Ausgabe Januar 1992

Wir und sie

Rituale europäischer Selbstkasteiung

Die Dritte Welt existiert nicht. Der Tiersmondismus, der das Gegenteil behauptete, war ein starker Mythos, der antikoloniale Enten und ihre intellektuellen Weggefährten im Westen bewegte. Das machte seine Größe aus - und seine Grenzen. Nebenbei war er noch das hölzerne Pferd sowjetischen und chinesischen Expansionsstrebens - mit welcher Hilfe das Troja des Weltkapitals dann auch nicht zu erobern war.

Antikapitalismus, Antifaschismus, Antikolonialismus - zwei Säulen der linken Selbstgewißheit sind schon weggebrochen. Jetzt soll wenigstens der dritte Säulenheilige Halt geben.

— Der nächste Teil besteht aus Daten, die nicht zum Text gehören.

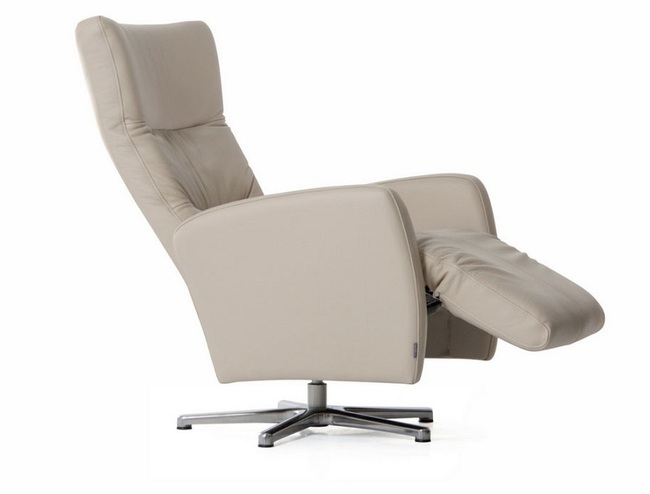 8 kreslo swan s reklajnerom 1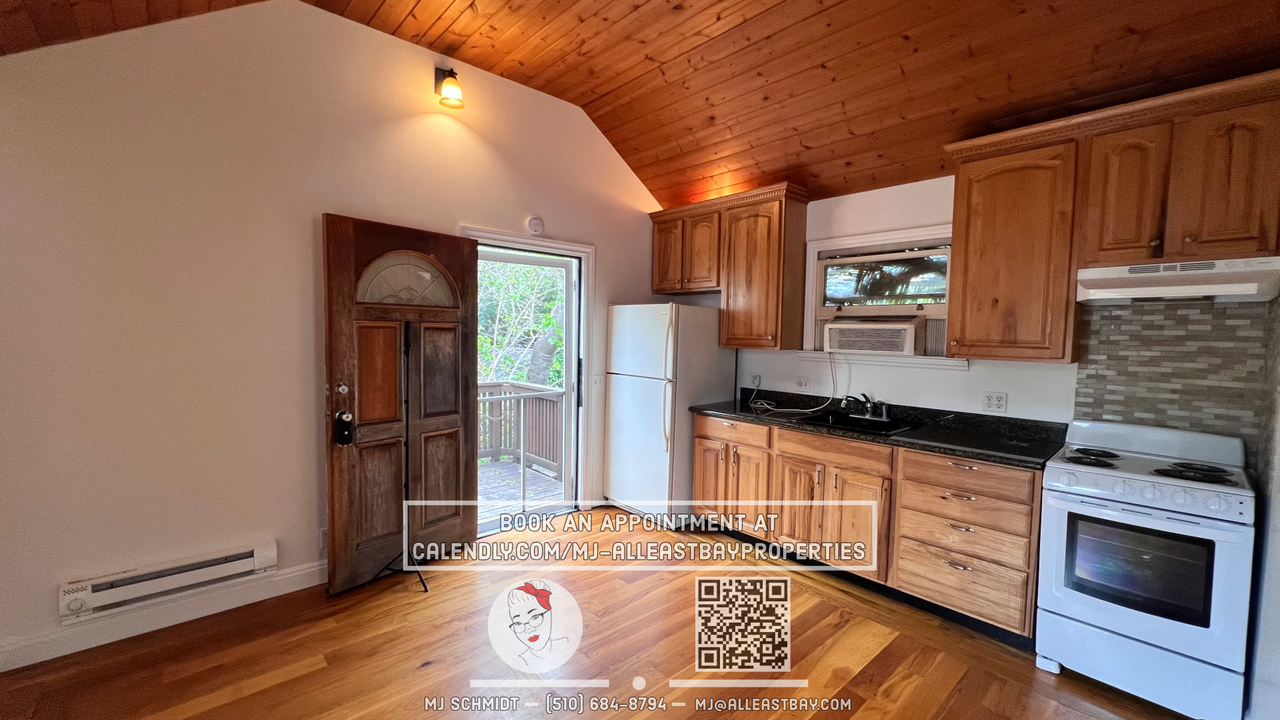 720 Virginia St - Photo 2 of 9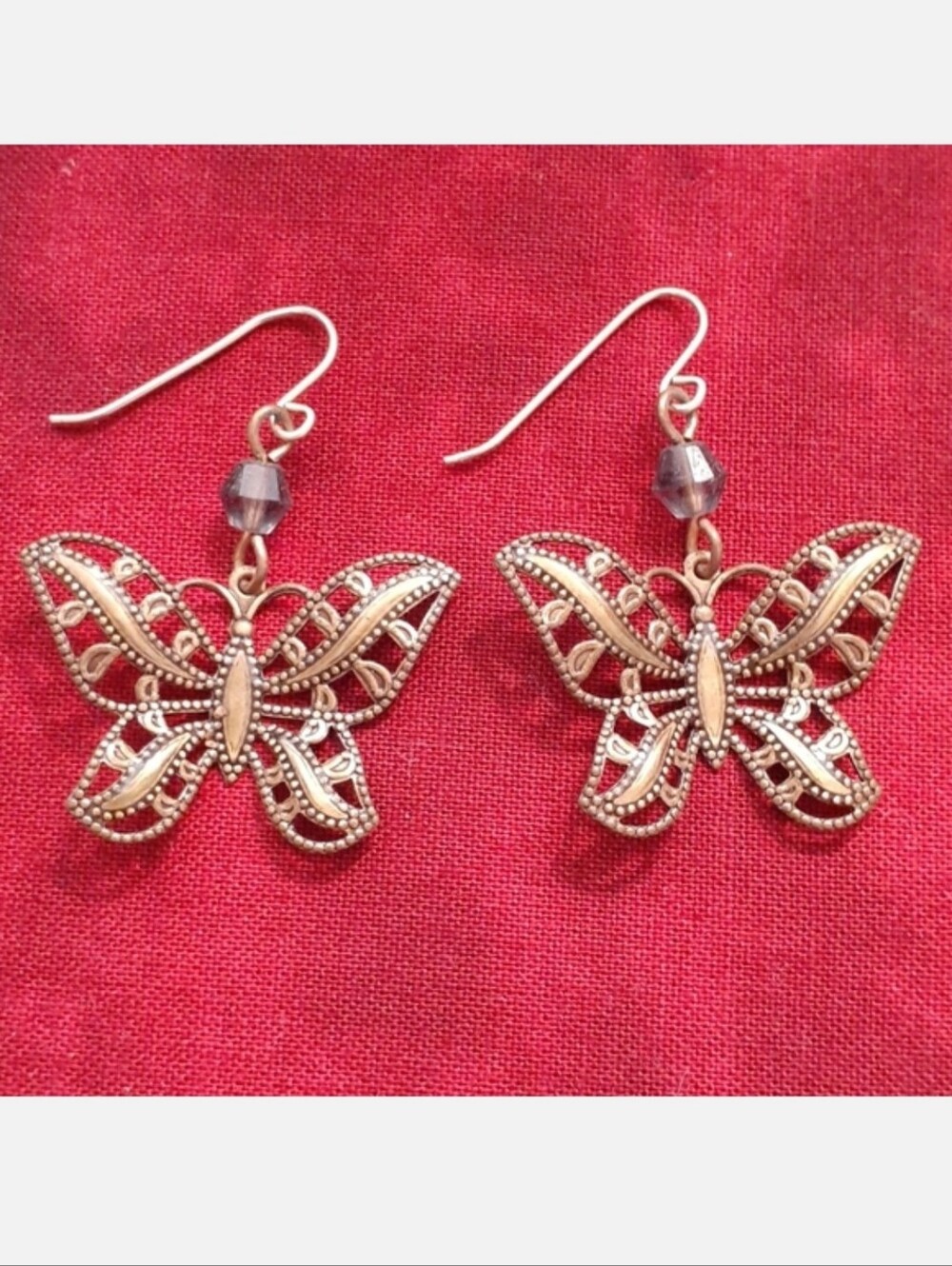 🍁3/$25 SALE! 👉*NWOT* ANTIQUE GOLD COLOR FILIGREE BUTTERFLY EARRINGS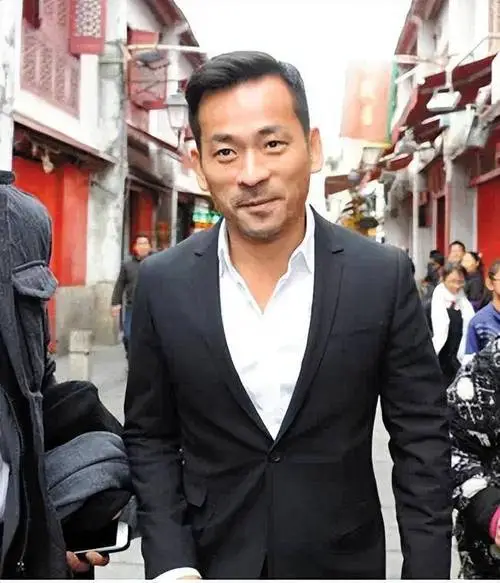 【黑帮日记2】荷官的女儿(2)の背后的高人 第3张 【黑帮日记2】荷官的女儿(2)の背后的高人 第3张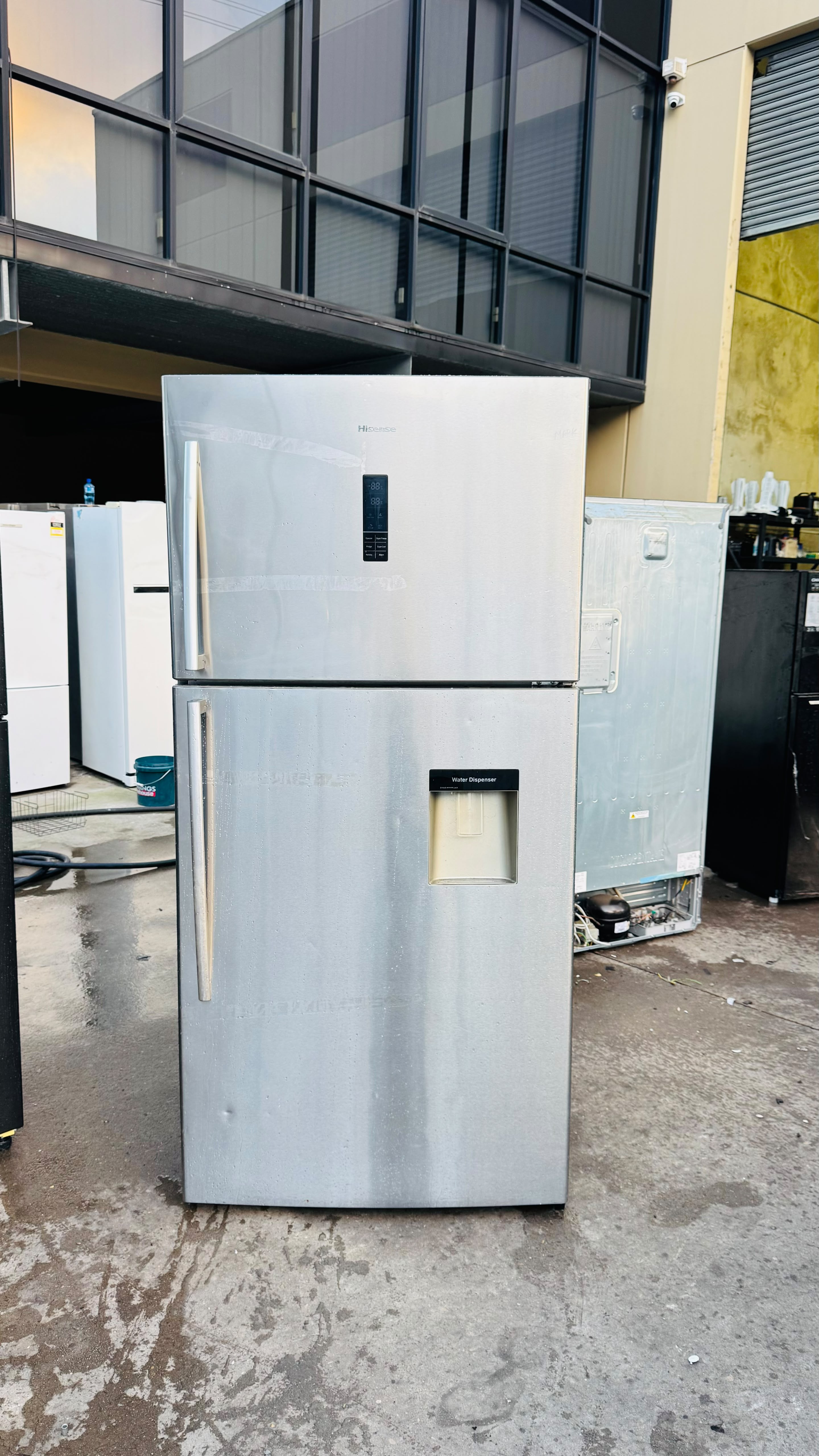 HISENSE 593 LITRES FRIDGE FREEZER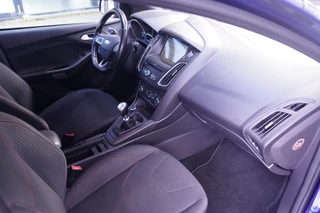 Ford Focus – thumbnail 43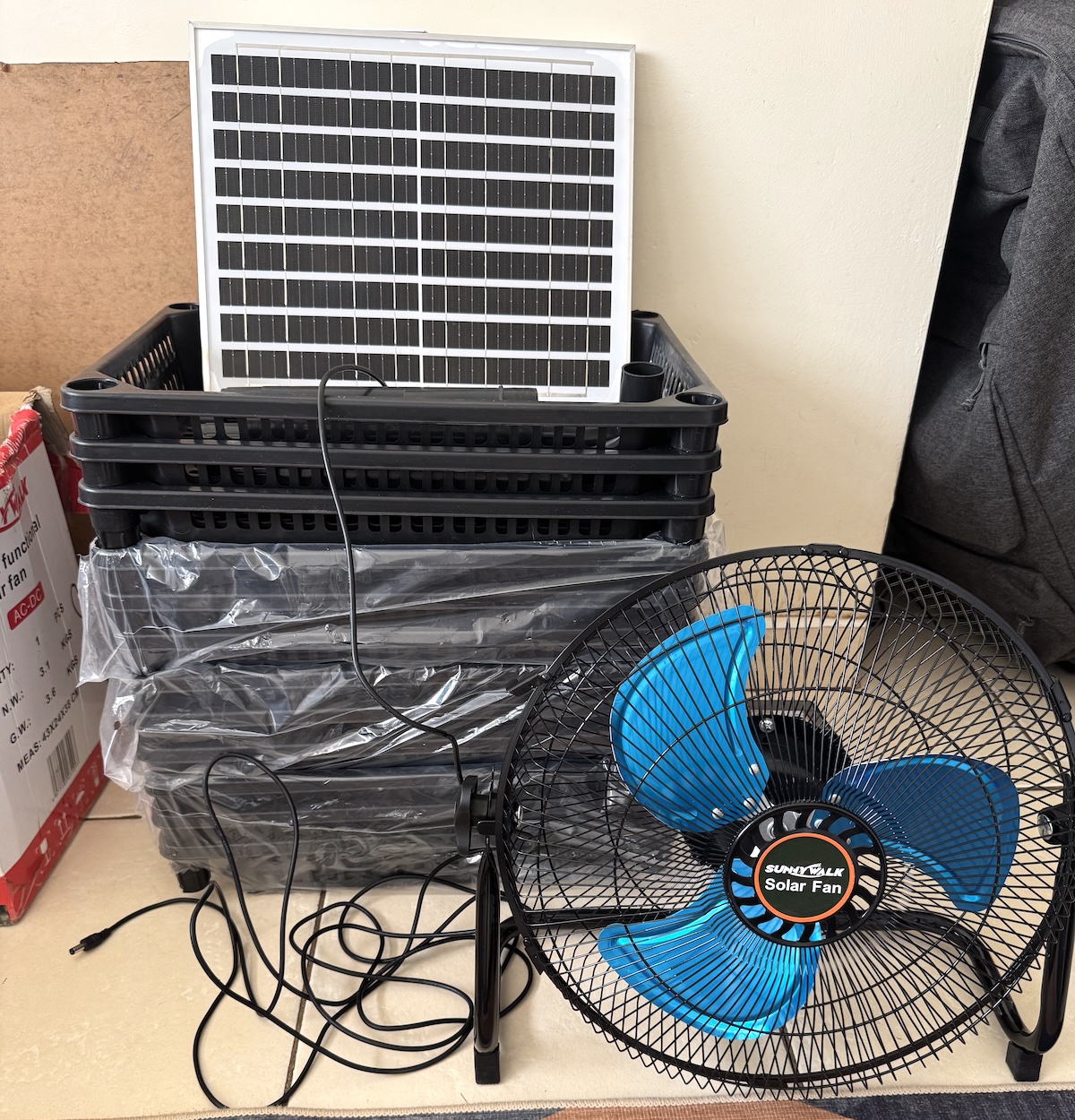 27-02-2026: Sinds enkele dagen terug in Lusaka. De eerste versie van de voedseldroger op zonne-energie werkt goed voor dingen als gember en appels maar is niet effectief genoeg voor vruchten als mango's. Veel nagedacht hoe het ontwerp verbeterd kan worden. Ten eerste natuurlijk door het groter te maken met meer ruimte voor de mango's. Ook moet de luchtstroom verbeterd worden. Op de foto zie je een ventilator die op zonne-energie werkt.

Das bereits auf vollen Touren laufende Kolumbus-Jahr kommt gerade recht für Orgien protestantischer Selbstanklage: 1492 ff. - wie der weiße Mann sich schuldig gemacht hat, von Beginn an bis heute. Die südliche Welthälfte - ein Auschwitz in Potenz. Wenn es nach dieser historischen Schuldverteilung ginge, dürfte kein Europäer jemals mehr den Mund auftun außer zu Bußgebeten. Und moralische Umschuldung wäre auf ewig ausgeschlossen.

Was aber war eigentlich so schlecht am Kolonialismus? Die grenzenlose Gier der Kaufleute und Grundbesitzer, der engstirnige Missionsdrang der Priester und Lehrer, die enthemmte Kriegslust der Generäle und Unteroffiziere - koloniale Massaker wie das Sterben der Hottentotten waren Vorboten des rassistischen Jahrhunderts.